1. Die Absage des Börsengangs 2006 bietet die
Gelegenheit, jetzt in Ruhe und nicht in der Hektik eines künstlich entfachten
Börsenfiebers über die Zukunft der Bahn nachzudenken", heißt es im aktuellen
TRANSNET THEMEN TELEGRAMM (13/2004). Wir wollen diese Gelegenheit gerne nutzen und für
eine fortschrittliche Alternative zu jeder Form von Privatisierung und Zerschlagung der DB
werben.
2. In den letzten 10-20 Jahren sind weltweit zahlreiche
öffentliche Betriebe, Einrichtungen und Institutionen der Daseinsvorsorge und
Liberalisierung an private Kapitalbesitzer verkauft worden. Es wird immer behauptet, dass
ein Unternehmen in Privathänden die Aufgabe angeblich besser und auch kostengünstiger
wahrnehmen könne. Doch den Privatisierungen liegen handfeste materielle Interessen zu
Grunde. Besitzer großer Kapitalvermögen suchen neue, profitable Anlagemöglichkeiten und
scheuen allzu großes unternehmerisches Risiko. Am liebsten setzen sie sich in ein
gemachtes Nest, das sofort Dividenden erbringt. Daher sind Stadtwerke, Müllabfuhr,
Krankenhäuser und eben auch öffentliche Verkehrsbetriebe mit ihrem festen Kundenstamm
für sie eine Goldgrube".
3. Jede Form von Privatisierung bringt unter den
herrschenden Bedingungen in aller Regel Nachteile für die Beschäftigten mit sich.
Konkret bedeutet das einen Abbau von Arbeitnehmerrechten, eine Verschlechterung von
Tarifverträgen, Löhnen, Gehältern und Sozialleistungen und eine Schwächung der
gewerkschaftlichen Kampfkraft. Daher lehnen wir Privatisierungen ab.

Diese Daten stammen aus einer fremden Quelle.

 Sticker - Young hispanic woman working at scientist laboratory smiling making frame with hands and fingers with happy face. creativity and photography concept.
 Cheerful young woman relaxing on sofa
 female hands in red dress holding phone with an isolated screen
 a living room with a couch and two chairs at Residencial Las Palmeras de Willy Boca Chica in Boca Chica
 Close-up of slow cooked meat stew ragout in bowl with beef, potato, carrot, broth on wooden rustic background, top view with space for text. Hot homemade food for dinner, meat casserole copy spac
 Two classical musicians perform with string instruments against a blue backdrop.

4. Jeder Versuch, aus dem Schienenverkehr möglichst
kurzfristig privaten Profit zu ziehen, geht zwangsläufig zu Lasten der Beschäftigten,
der Sicherheit, der Qualität, der langfristigen Investitionen und der auf den
Schienenverkehr angewiesenen Allgemeinheit. Daher sagen wir uneingeschränkt NEIN zu
jeglicher Form von Börsengang, Ausverkauf und Privatisierung"

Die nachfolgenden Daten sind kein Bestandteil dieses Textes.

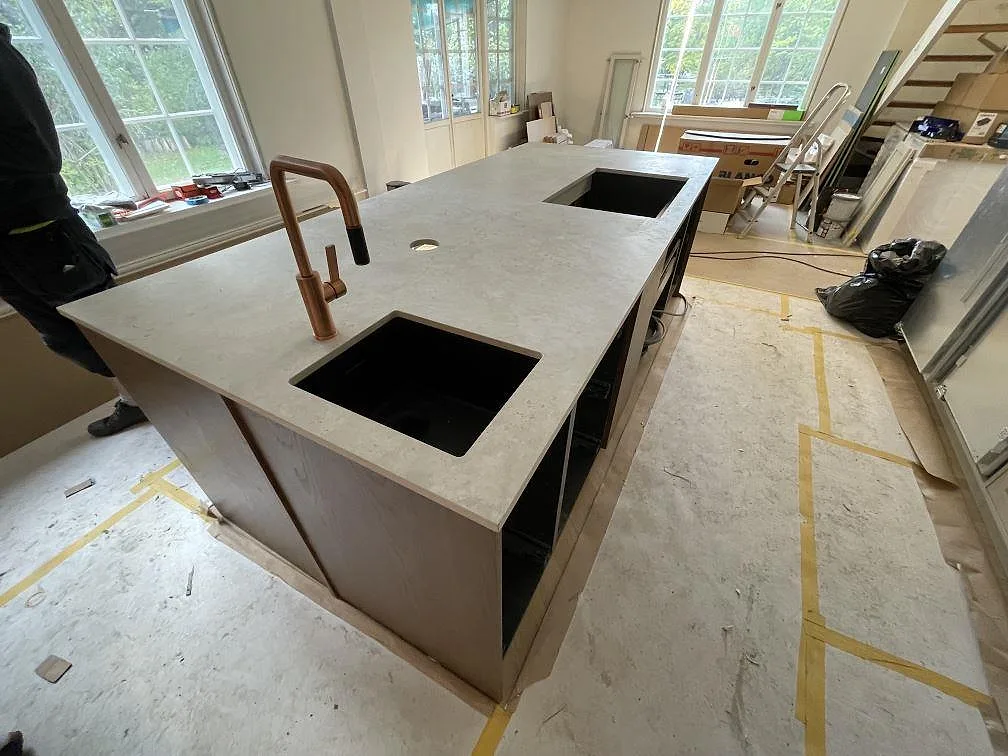 Köksö i matt Dekton Tk05 Sabbia med svart diskho, hällöppning och ljus keramikyta i Saltsjö Duvnäs.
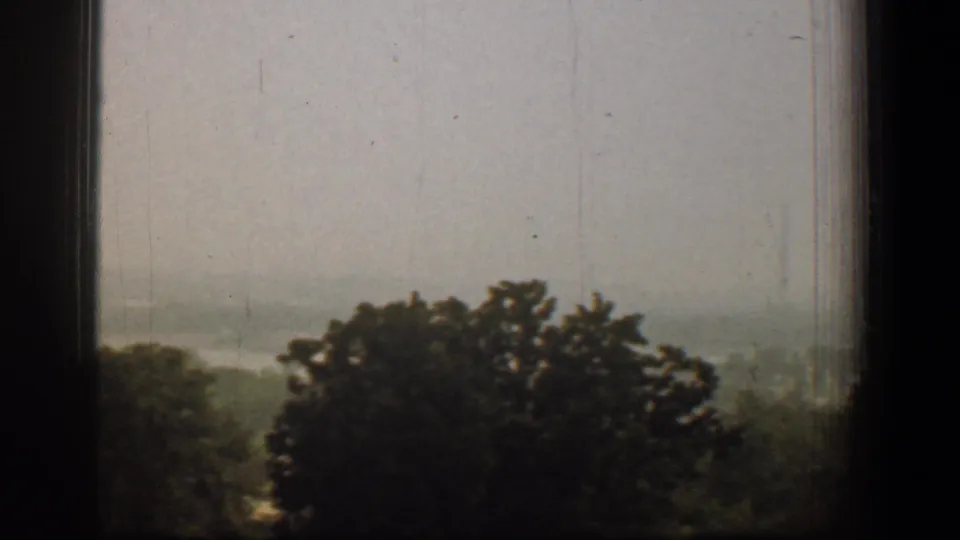 Late frame of the 1961 Washington, DC 8mm pan showing treetops, haze, and faint distant terrain through a window.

(TRANSNET-Bundesbetriebsrätekonferenz 1. April 2004).
5. Bei dem heftig ausgetragenen Kampf zwischen den zwei
Linien der Privatisierung (integrierter Börsengang contra Filetierung) geht es um
unterschiedliche materielle Interessen. Mehdorn und der Bahnvorstand wollen die DB AG als
europaweiten und weltweiten Global Player" und Logistikriesen ausbauen und sich
dafür die staatliche Protektion sichern und die Kontrolle über das Eisenbahnnetz
behalten.
6. Das von BDI, CDU/CSU, FDP und zunehmend auch Grünen und
SPD favorisierte Modell Zukunft Bahn" orientiert sich hingegen an der völligen
Zerschlagung der British Rail", will aber das (defizitäre) Netz in Staatshand
belassen. Dahinter steckt das Interesse einflussreicher deutscher Kapitalgruppen und
Privatbahnen wie Connex und Arriva. Sie möchten die starke Position der DB im Personen-
und Güterfernverkehr auf Schienen zerschlagen und durch Rosinenpickerei und Filetierung
rasch Gewinne machen. Sie verfahren nach dem Motto Gewinne werden privatisiert,
Verluste sozialisiert."
7. Aus der Sicht einer konsequenten Interessenvertretung
ist der Konflikt zwischen dem integrierten Börsengang" und der BDI-Linie ein
Konflikt zwischen zwei Wegen von Privatisierung, die uns beide nur erhebliche Nachteile
bringen. Beide Seiten bringen (demagogisch) nachvollziehbare und (isoliert betrachtet)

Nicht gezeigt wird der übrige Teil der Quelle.